Referencial teórico ou conceitual
De acordo com o Arruti e Almeida (1996, 2002), o processo de formação dessas novas
etnicidades no Brasil contemporâneo tem se dado a partir da ressemantização, a qual implica uma
revisão da memória coletiva desses grupos, sua re-historicização, atualização e atribuição de novos
significados às identidades que a estas comunidades eram atribuídas.
A respeito da ideia de “tradicional”, deve-se ainda considerar que ela é vista como resultado
de um processo social de negociação de versões legítimas de uma ou mais histórias, sem que esta
busque na continuidade histórica o critério de legitimidade da identidade reivindicada no presente.
Para uma discussão aprofundada sobre esta interlocução entre a Antropologia e a História me baseio,
entre outros, nos estudos de Sahlins (2003), principalmente em sua discussão argumentação sobre o
conceito de estruturas da conjuntura e indigenização da modernidade. Especificamente sobre o
contexto de surgimento de novas etnicidades no Brasil tomo como ponto de partida os estudos de
Pacheco de Oliveira (1998); Arruti (1997, 2006) e Almeida (1996, 2002).
Assim, a afirmação da tradição não é uma recusa à modernidade, mas sim a marcação de
possibilidades de inserção na modernidade a partir de projetos alternativos ao modelo imposto pela
modernidade ocidental em suas bases coloniais (SANTOS, 2006). Levando em conta que a pertença
étnico-racial é expressa coletiva e subjetivamente e que não se dá de modo uníssono entre todos os
integrantes de uma comunidade, a proposta desta pesquisa é perceber essas variações a partir das
diferenças geracionais, concentrando-se na parcela juvenil desta comunidade.
27
Metodologia e procedimentos
No intuito de construir colaborativamente um saber antropológico com os/as jovens
quilombolas é que se pretende trabalhar com a concepção polissêmica do termo “tradução”, tanto no
nível metodológico e epistemológico quanto no nível intersubjetivo e afetivo envoltos no processo de
construção do conhecimento etnográfico. A proposta é que, para além de meros “informantes”, tais
jovens se apropriem da pesquisa tornando-se seus interlocutores. Deste modo, para colocar a termo a
“tradução” serão acionados os seguintes passos e instrumentos metodológicos:
a) Análise de documentos históricos dos Relatórios Antropológicos de Caracterização Histórica,
Econômica e Sócio-cultural das comunidades selecionadas.

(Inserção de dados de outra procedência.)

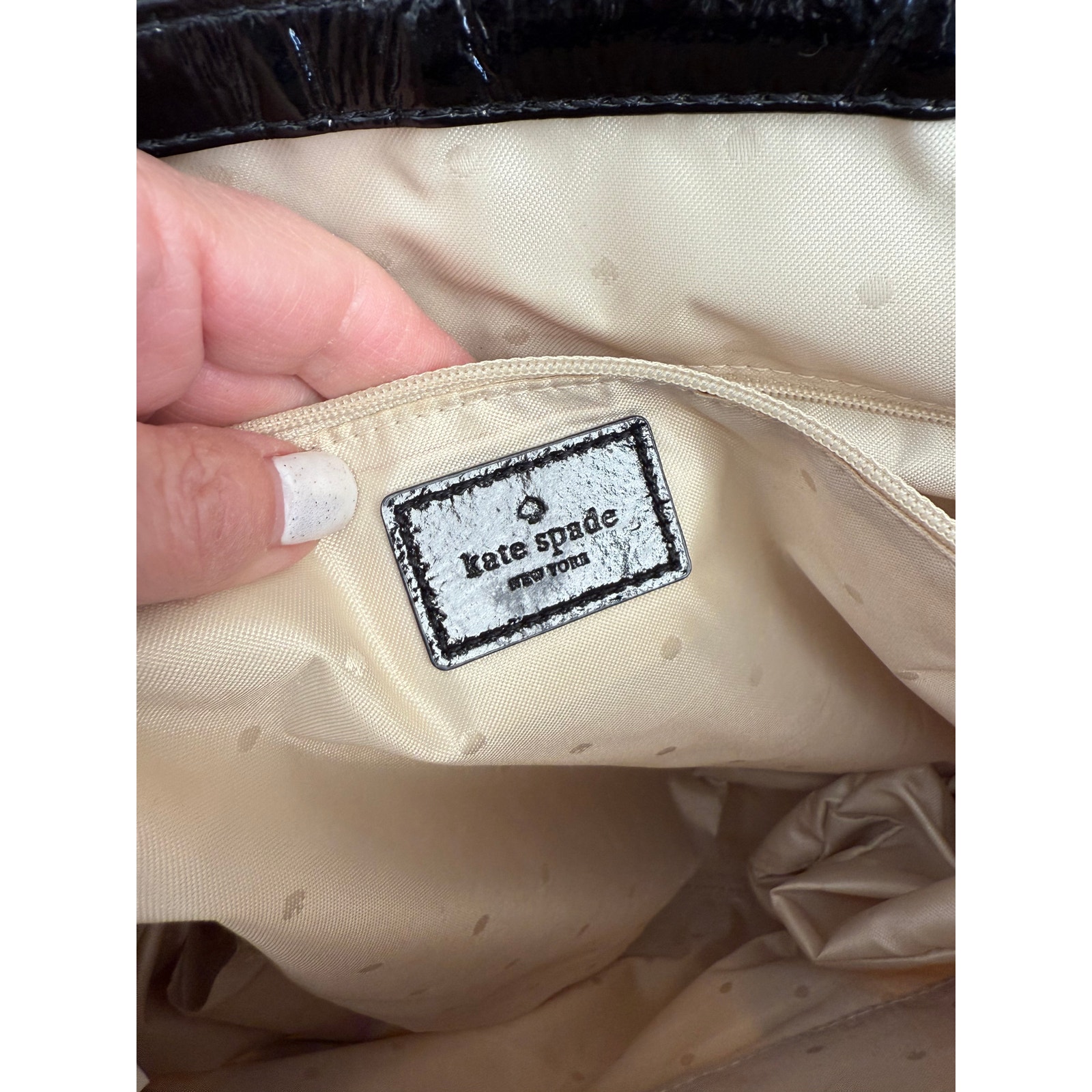 Kate Spade Clinton Hill Dama Tote Bag Cream Tweed Black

b) A observação participante nas comunidades escolhidas com registro em diário de campo. Nesta
ocasião serão feitas entrevistas em forma de conversas informais principalmente com os jovens da
comunidade para seleção dos interlocutores da segunda etapa da pesquisa.
c) A segunda etapa da pesquisa consistirá em um mapeamento, através da observação participante
com uso de diário de campo e registro audiovisual, das redes sociais de alguns dos jovens
quilombolas por seus espaços de produção e participação artístico-cultural e de sociabilidade na
música, formulando traçados entre cidade envolvente e a comunidade. Nesta etapa serão feitas,
também, entrevistas individuais com os sujeitos acompanhados.
Nos resultados, transcreverei as entrevistas em profundidade, registradas com auxílio de
gravador e o diário de campo confrontando-as com os outros registros documentais e audiovisuais.
Do cruzamento destes dados serão selecionadas as categorias de análise as quais darão base ao
argumento desenvolvido no texto etnográfico.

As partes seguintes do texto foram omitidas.